专利名称:一种新型表皮生长因子及其应用的制作方法
技术领域:
本发明涉及人源表皮生长因子的突变体及其用途。
背景技术:
表皮生长因子是1962年Cohen和Montalcini教授在小鼠颌下腺中发现的一种热稳定蛋白,其具有促使新生小鼠眼睑早开、牙齿早萌的作用。将这一活性成分加入培养皮肤表皮的基质中,发现它可直接促进皮肤表皮的生长,因此,将这一活性组分命名为“表皮生长因子(epidermal growth factor, EGF)。人源表皮生长因子(hEGF)是由53个氨基酸残基组成的单链多肽。
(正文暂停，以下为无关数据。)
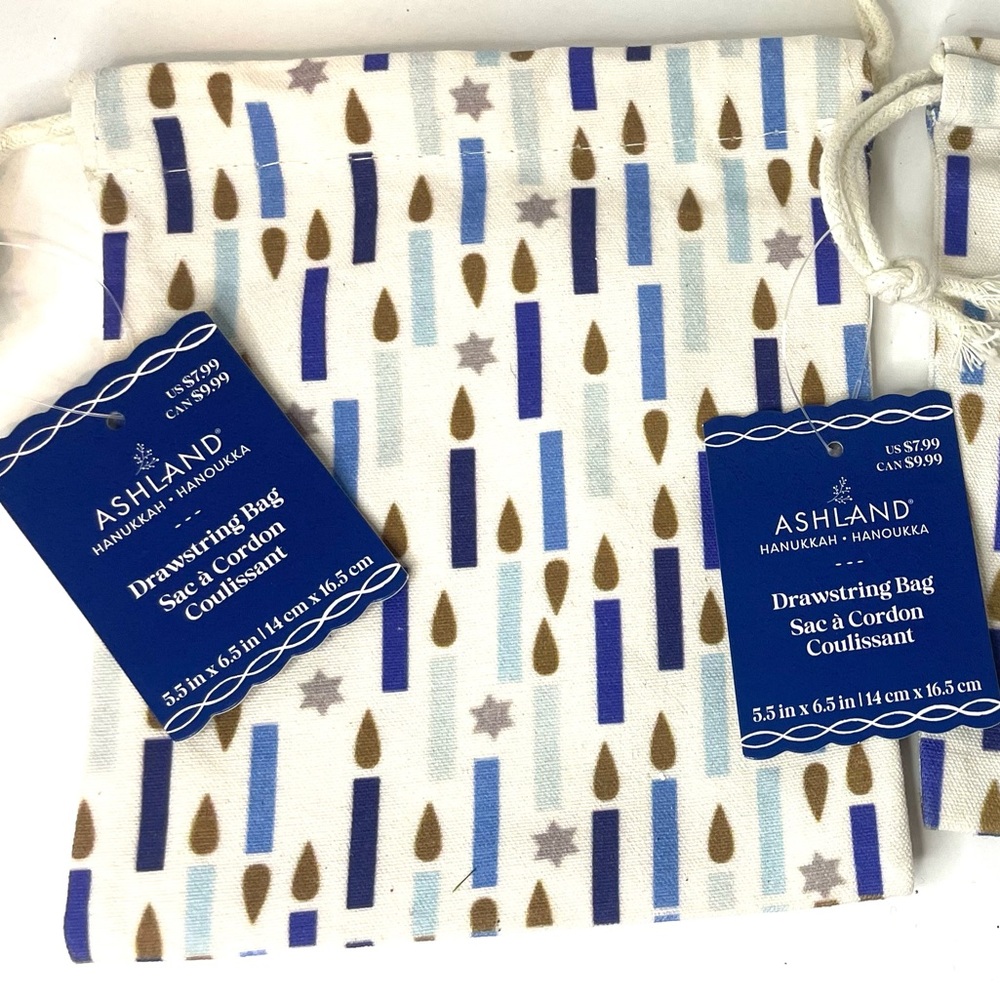 Hanukkah Gift Bags, drawstring canvas gift pouch with festive candle design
人源表皮生长因子因其对消化道溃疡、皮肤烧伤、创伤愈合等诸多方面均具有较强的药理学作用而倍受关注。自从1986年阐明了其核苷酸序列以来,分别在大肠杆菌、枯草杆菌和酵母菌中得到了成功表达。但是人源表皮生长因子的表达生产多数以包涵体形式表达,而包涵体形式的表皮生长因子不具有生物学活性,只有通过变性复性等方法获得可溶性蛋白。包涵体的变性复性非常复杂,效率极低,有些又不能完全复性,导致复性后的人表皮生长因子的生物学活性较低,严重制约了生物制药业的发展。
发明内容
包涵体的形成原因有多种,主要因为在重组蛋白的表达过程中缺乏某些蛋白质折叠的辅助因子,或环境不适,无法形成正确的次级键等原因形成的,其中二硫键错配可能是原因之一。正常的人源表皮生长因子(hEGF)分子内含有六个半胱氨酸,形成三个链内二硫键,并且三个二硫键的位 置固定,增加了形成包涵体的几率。为了解决人表皮生长因子主要以包涵体的形式表达这一技术问题,本发明利用将人源表皮生长因子的半胱氨酸进行突变,获得了可溶表达的突变的人源表皮生长因子及其核苷酸序列。本发明一方面提供了突变的人源表皮生长因子,其特征在于人源表皮生长因子的半胱氨酸被丝氨酸取代(命名mu- ),其氨基酸序列如SEQ ID NO:1所示。本发明另一方面提供了突变的人源表皮生长因子,其特征在于人源表皮生长因子的半胱氨酸被丙氨酸取代(命名mu-2),其氨基酸序列如SEQ ID N0:3所示。本发明另一方面提供了突变的人源表皮生长因子,其特征在于人源表皮生长因子的半胱氨酸被完全去除(命名mu-3),其氨基酸序列如SEQ ID N0:5所示。利用生物工程技术,对上述本发明的突变的人源表皮生长因子蛋白进行表达,结果发现,mu- 表达蛋白形成大量的包涵体,但生物活性良好;mu-2和mu-3完全可溶。生物学活性好。本发明的另一方面还提供了编码本发明的人源表皮生长因子的核苷酸序列。优选地,编码本发明的人源表皮生长因子的核苷酸序列包含:a) SEQ ID N0.2、4或6中所示的核苷酸序列;
b)在严紧条件下与由SEQ ID N0.2、4或6的核苷酸序列进行杂交、且编码具有本发明的突变的人源表皮生长因子活性的氨基酸序列的多核苷酸;或c)上述a)或b)的互补序列。本文中,具有本发明的突变的人源表皮生长因子活性是指某一蛋白质或氨基酸序列的活性是SEQ ID N0.1、3或5的10%以上、20%以上、40%以上、60%以上、80%以上、90%以上、95%以上、96%以上、97%以上、98%以上、99%以上、或100%或更高。本文所述的“严紧条件”,可以为低严紧条件、中严紧条件、高严紧条件中的任一种,优选为高严紧条件。示例性地,“低严紧条件”可为30°C、5 X SSC、5 X Denhardt液、
0.5%SDS、52% 甲酰胺的条件;“中严紧条件”可为 40°C、5XSSC、5XDenhardt 液、0.5%SDS、52%甲酰胺的条件;“高严紧条件”可为50°C、5XSSC、5XDenhardt液、0.5%SDS、52%甲酰胺的条件。本领域技术人员应当理解温度越高越能得到高同源性的多核苷酸。另外,本领域技术人员可以选择影响杂交的严紧度的温度、探针浓度、探针长度、离子强度、时间、盐浓度等多个因素形成的综合结果来实现相应的的严紧度。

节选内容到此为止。